[5]: «Les Persans, dit M. Will. Franklin, si on les juge d'après leur conduite extérieure, sont sans contredit les Parisiens de l'Asie. Des manières grossières et insolentes envers les étrangers et les chrétiens caractérisent les Turcs; celles des Persans, au contraire, honoreraient toute nation civilisée, etc.» Voyage du Bengale en Perse, t. II, p. 29 de ma traduction. Je regrette de ne pouvoir transcrire ici le portrait des Persans, tracé par ce voyageur et par M. Scott Waring, p. 101 et suiv. de son Tour to Sheeraz; ce serait un curieux supplément au texte de Chardin, mais qui excéderait les bornes d'une simple note. (L-s.)

[6]: Les Arabes disent: Hadhâ mektsûb, Cela est écrit. Tous les musulmans croient que les moindres circonstances de la vie de chaque homme sont écrites de toute éternité dans un livre déposé au ciel, où, suivant le texte même d'Al-Bédaouy, célèbre commentateur, «elles sont décrétées et écrites sur une table conservée avant leur existence.» Il est inutile d'accumuler les citations pour prouver que les musulmans nient toute espèce de libre arbitre; leur fatalisme absolu et sans bornes est connu de tous ceux qui connaissent l'existence de la religion musulmane. Les principaux passages du Coran et des commentateurs de ce livre, relativement à cette désolante et impolitique doctrine, ont été soigneusement recueillis dans une dissertation historico-critique, intitulée: De fato Muha Medana, Lipsiæ, 1759, in-4o de 40 pages (L-s.)

[7]: Ce mot est le comparatif de meh, grand, et répond au mot majordome; cette charge est la même que celle de grand chambellan; il porte la bourse, l'anneau, la montre, etc., du roi, et ne le quitte jamais, pas même dans le harem, au milieu des femmes. Les fonctions de cet officier exigent donc qu'il ait cessé d'être homme. C'est ordinairement un eunuque blanc qui les remplit, et qui partage conséquemment l'espèce de culte que les flatteurs et les ambitieux rendent à son maître. Voyez Kaempfer, Amœnitates exoticæ, p. 81 et 82. (L-s.)

[8]: Repoussé, chassé par mépris, telle est la signification littérale du mot arabe employé par les Persans pour désigner un apostat. (L-s.)

[9]: Aghâ Mourâd.

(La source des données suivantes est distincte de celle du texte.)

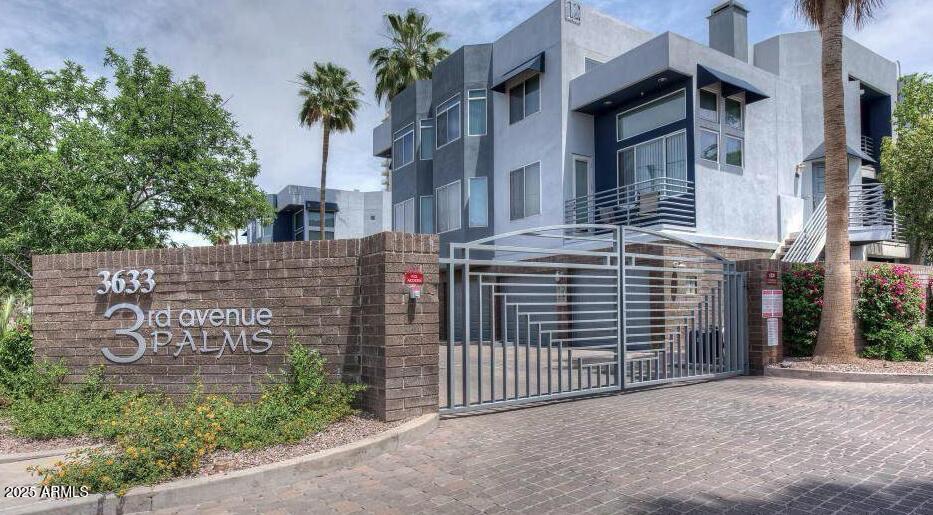 3633 N 3rd Ave. #2051, Phoenix, AZ 85013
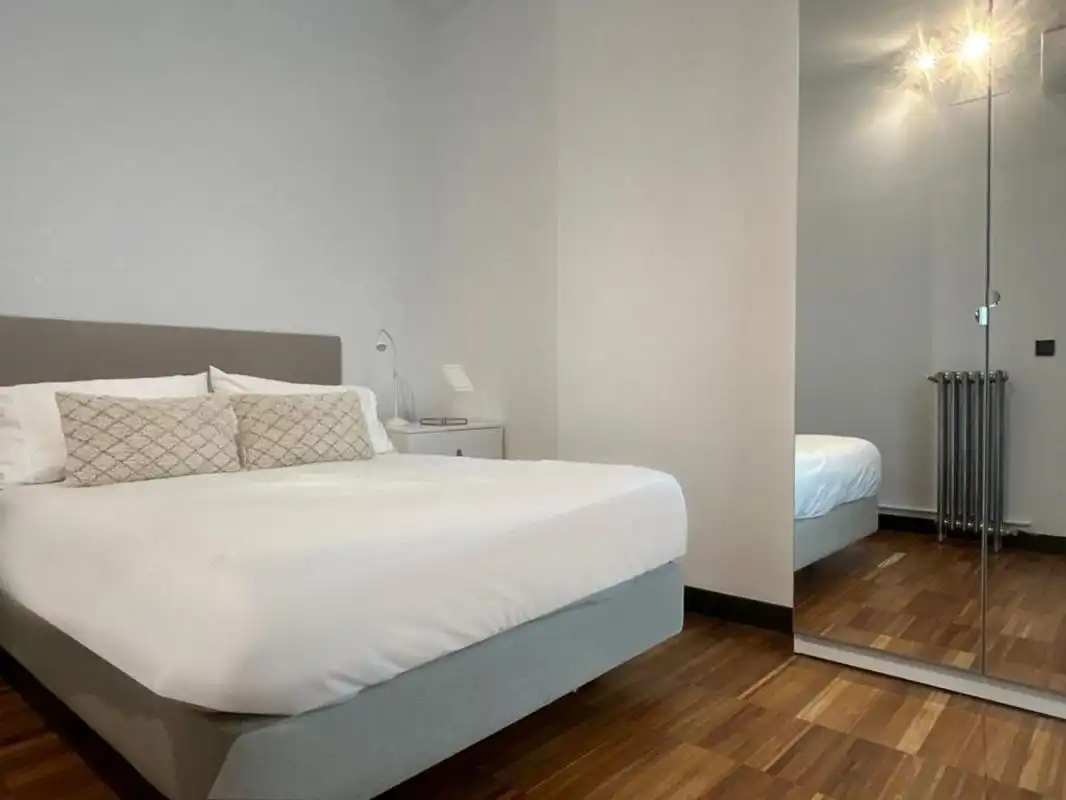 Piso con ascensor en venta en C. de la Alameda, imagen 24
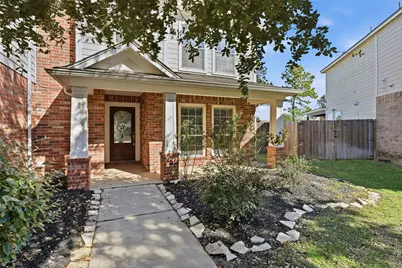 26038 Palmdale Estate Drive, Richmond, TX 77406 - Photo 5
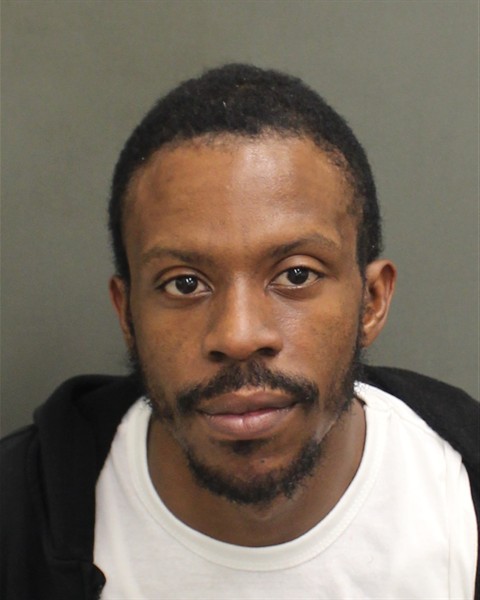  JEROME LOUISJR ELLIS Mugshot / County Arrests / Orange County Arrests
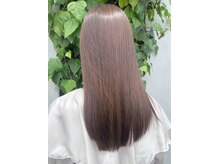 メロウ ヘア(mellow hair)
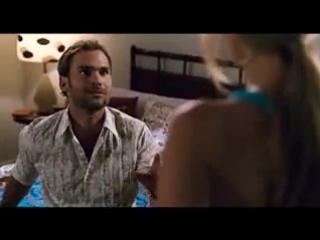 video jessica morris и carly craig в фильме взрослая неожиданность role models sex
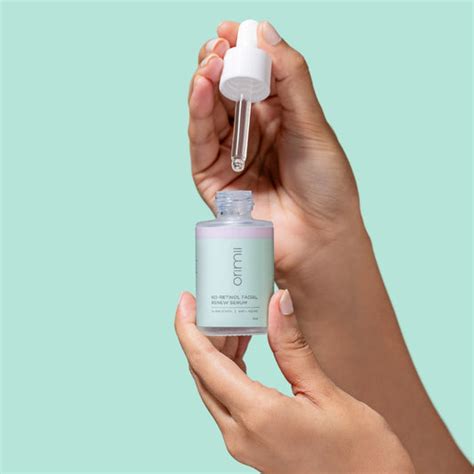 Orimii | Pregnancy and Breastfeeding-Safe Skincare Products – Orimii ...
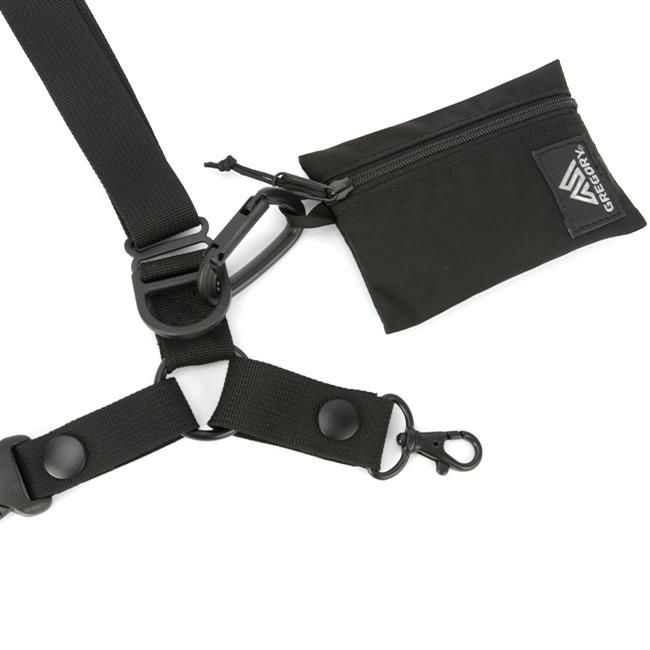 グレゴリー ライフスタイルアクセサリー  GREGORY phone-st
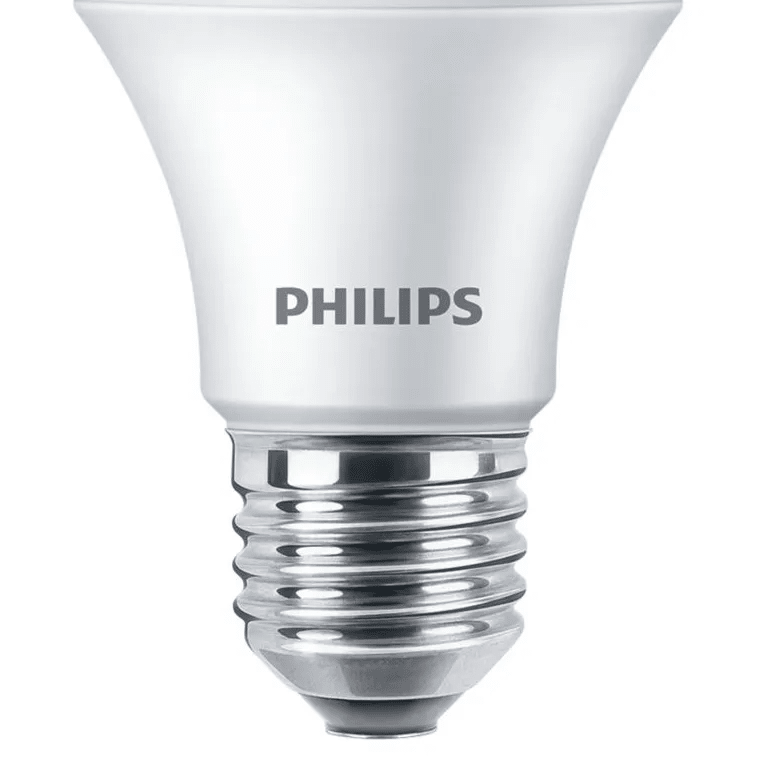 Pack 4 Ampolletas Led Sceneswitch Philips, Luz Fria 3 Ambientes 9w2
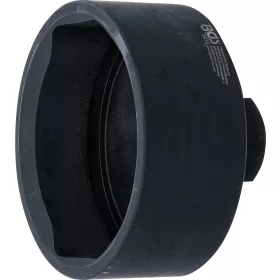   BGS technic Hátsótengelysapka-kulcs | BPW hátsótengelysapkákhoz | 110 mm (BGS 6972)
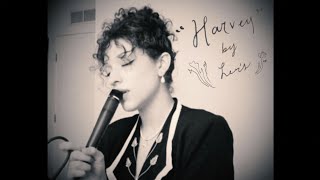 Download lagu Harvey by Her's (Cover by Sara King) mp3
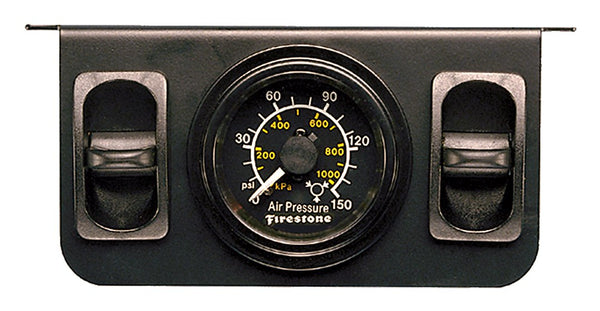Firestone Air Pressure Gauge (MPN: 2145)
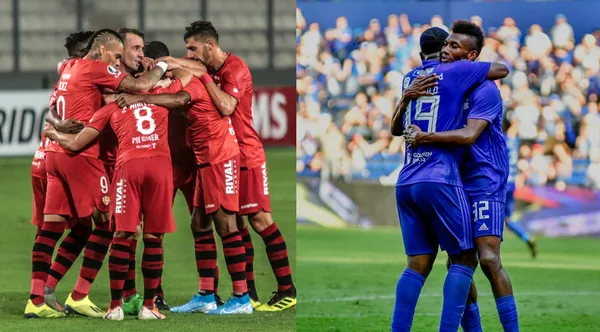 Según información desde Guayaquil, LigaPRO y el Ministerio de Salud están pensando en realizar un partido entre Barcelona SC y Emelec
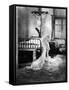 The Merry Widow, 1925-null-Framed Stretched Canvas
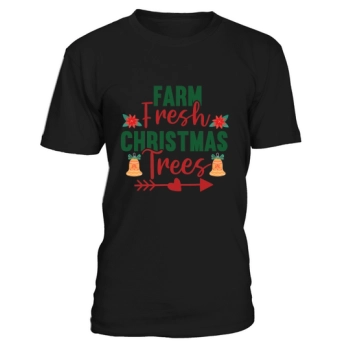 Farm Fresh Christmas Trees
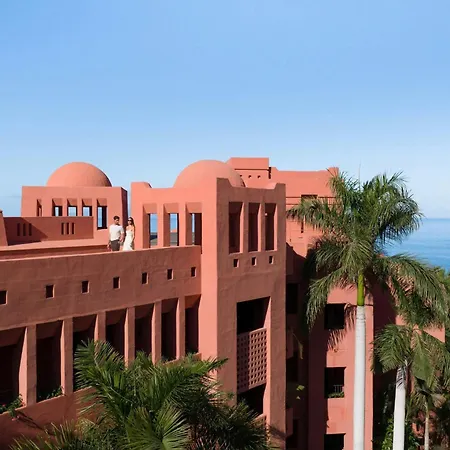 The Ritz-Carlton Tenerife, Abama-3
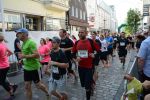 AOK–Firmenlauf in Unna 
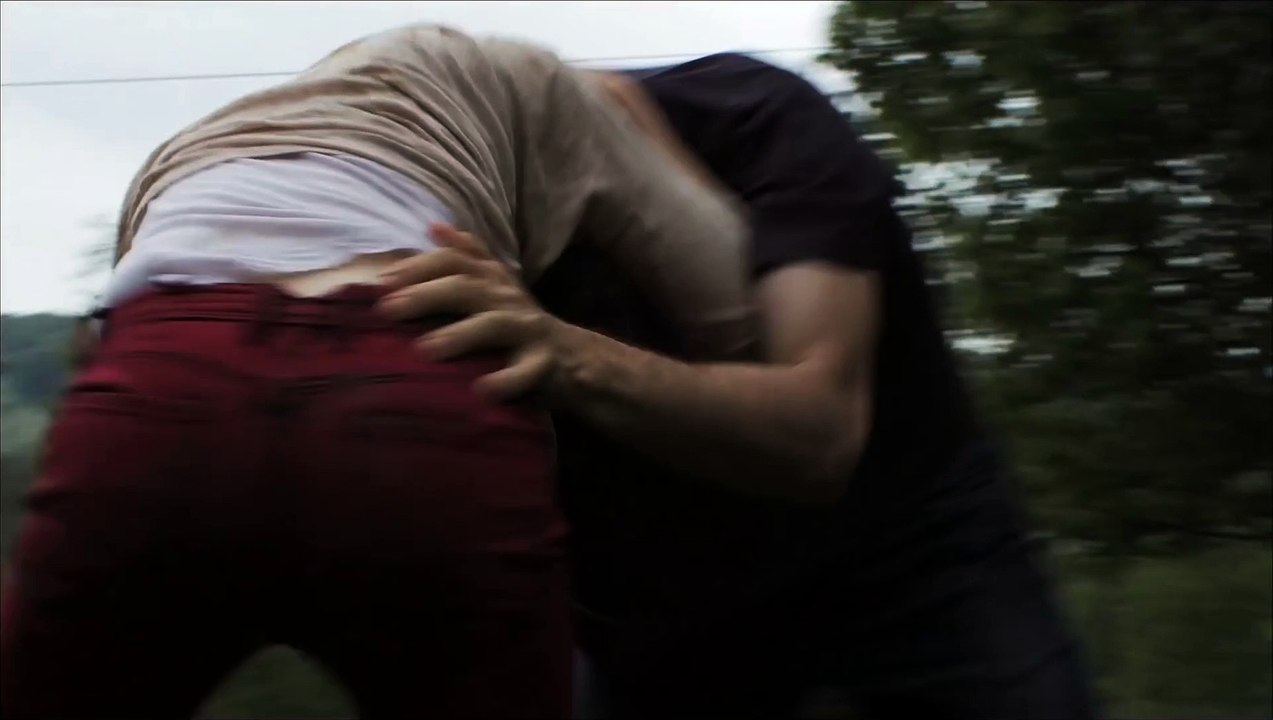 Mis escenas de lucha - Tráiler Español V.O.S.E HD [1080p]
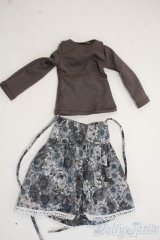 SDM＆MSD/OF:衣装セット Y-25-12-24-070-YD-ZY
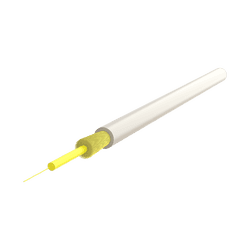 Drop Fiber Optic Cable 2.7mm | I-VT9(ZN-AY)H 1x1 | 1000 meters, vista 2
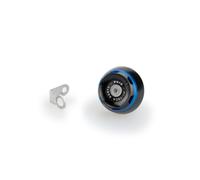 Puig 20347a Track Yamaha Tmax Oil Filler Cap Argento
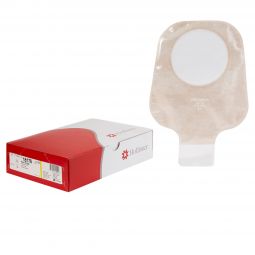 Hollister 18176 Drainable Pouch without Filter-10/Box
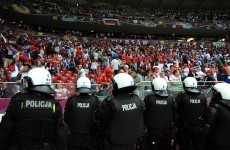 Euro 2012: Day 5 talking points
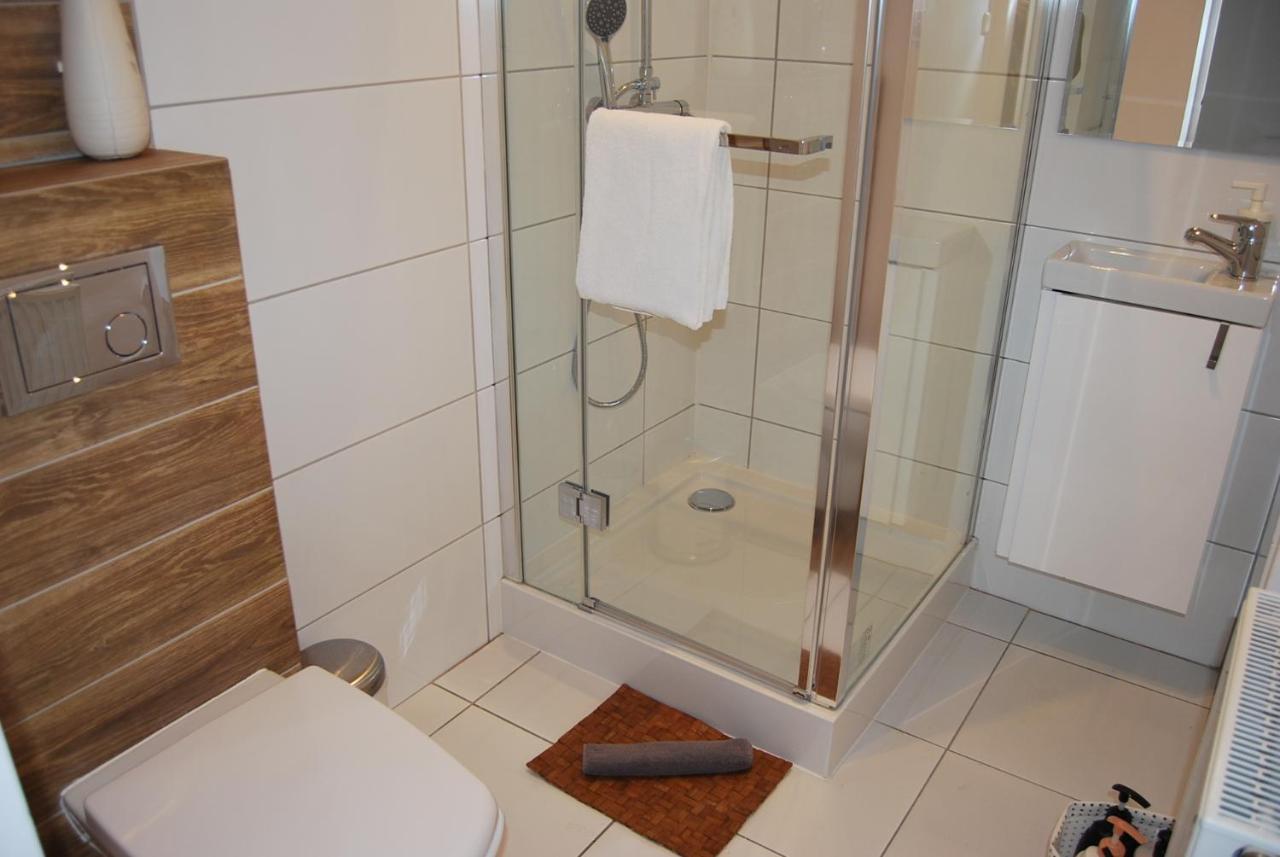 Apartament White House Warszawa Zewnętrze zdjęcie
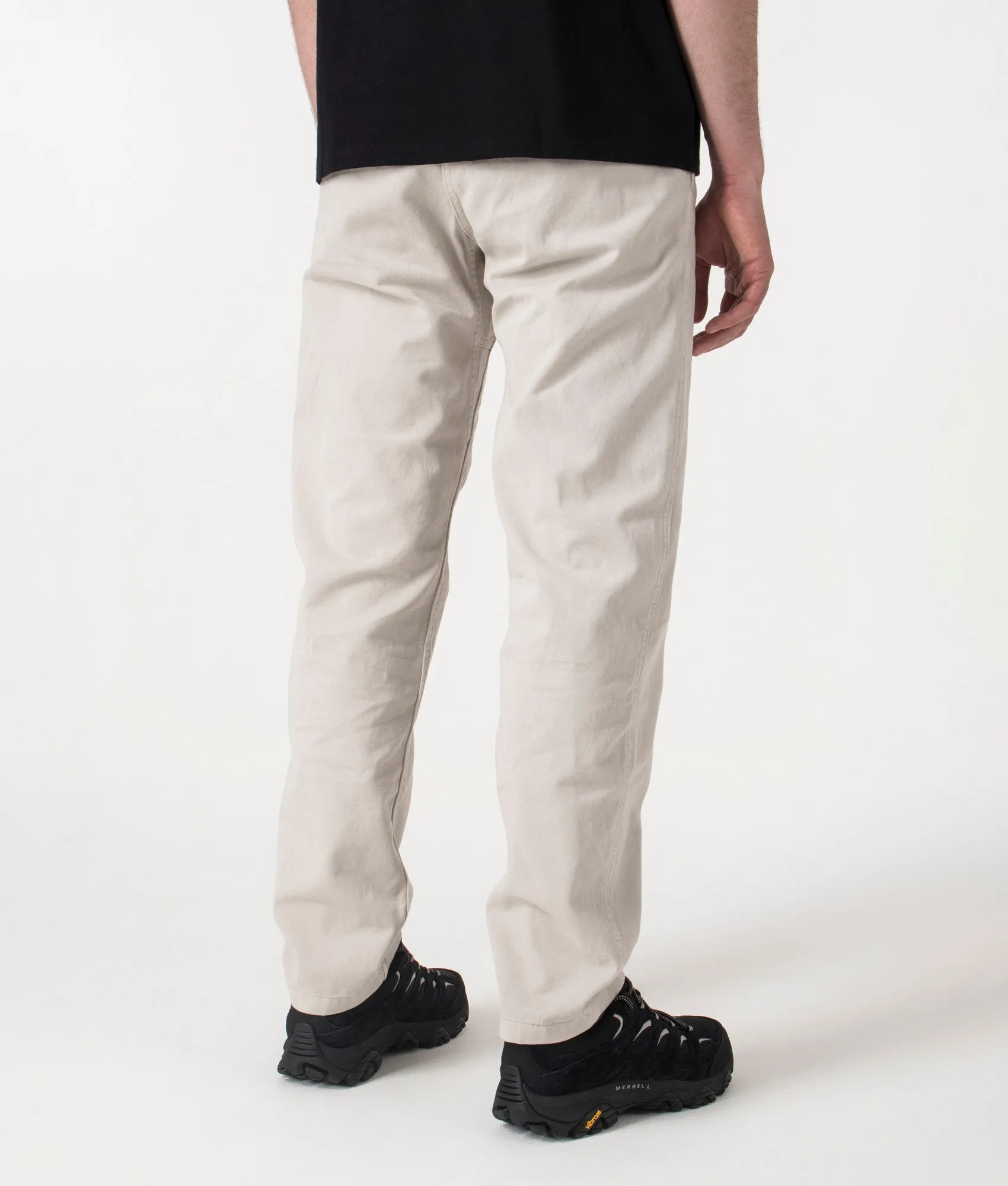 Relaxed Fit Gramicci Pants sold by EQVVS product image thumbnail 5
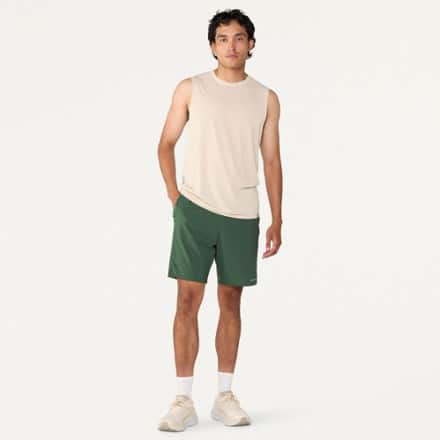 Patagonia Multi Trails Shorts 8" - Men's 3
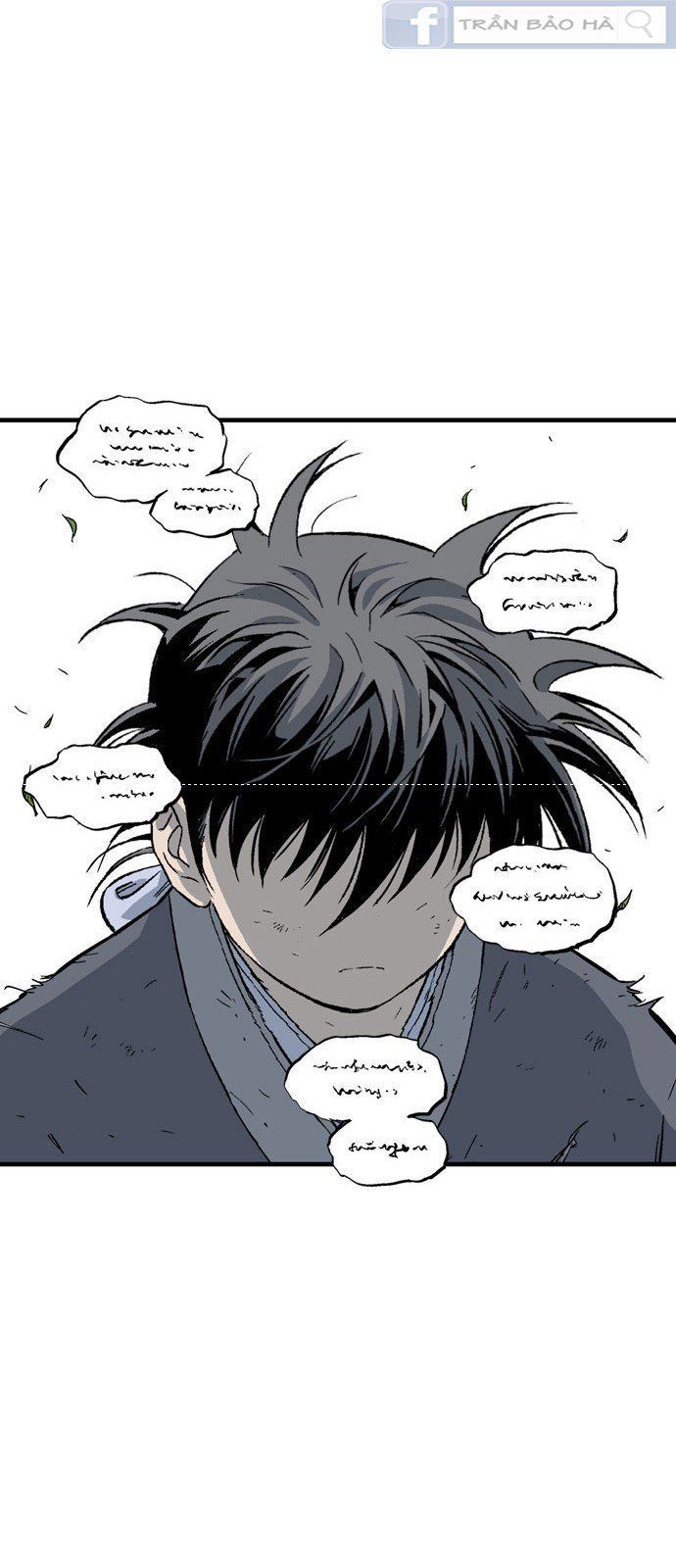 cao thủ 2 chapter 90 26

Le dernier mot signifie désir. (Note de Chardin.)

[10]: Lisez κανδηλαναφτης, kandilanaphtis (allumeur de chandelles); c'est un mot grec moderne et un titre des fonctionnaires dans les grandes églises. Ce mot est composé de κανδῆλι, kandila, chandelle, d'ανάπτω, anapto, j'allume. Le premier est latin, le second grec ancien. On dit aussi, à Constantinople, Κανδηλαφτης, candilaftis, en retranchant la troisième syllabe να (L-s.)

[11]: Sefâhâun nispé 'djihâun. Nisp est la corruption persane du mot arabe nessf, moitié. (L-s.)

[12]: M. Olivier n'en compte que 50,000; mais des renseignements très-positifs m'autorisent à croire qu'aujourd'hui cette ville contient encore près de 200,000 âmes. (L-s.)

[13]: Chardin a sans doute voulu écrire Acroceraunii; car aucun géographe ancien ne parle des monts Acrocerontes. Quant aux monts Acroceraunii, ils étaient situés en Epire; mais Paul Orose donne aussi ce nom à des montagnes qui séparent l'Arménie de l'Ibérie. Historiar. lib. I, cap. II, pag. 19, ex edit. Havercamp. (L-s.)

[14]: «Le Zendéh-roûd d'Issfahàn (certains manuscrits portent Zâyendéh-roùd) coule de la montagne Zerdéh (jaune), et autres montagnes du grand Lor, sur les confins de Djouycerd; il traverse le canton de Roùd-Bàr, dans le Loristàn; il arrose Feyroùzan et Issfahàn, et finit sous le terrain de Kâoù Khâny, dans le canton de Roùyd Chétyn. Son cours est de 70 (ou 80) farsangs. Ce fleuve a cela de particulier, que, lorsque l'on l'arrête tout entier dans un endroit, il s'en échappe encore assez d'eau par la filtration pour former un grand fleuve. Voilà pourquoi on le nomme Zendéh ou Zdyendéh (vivace) et, comme dans le temps des semailles, on emploie tellement toute son eau qu'il ne s'en perd pas une goutte, cette précieuse destination lui a valu le surnom de Zéryn roùd (rivière d'or).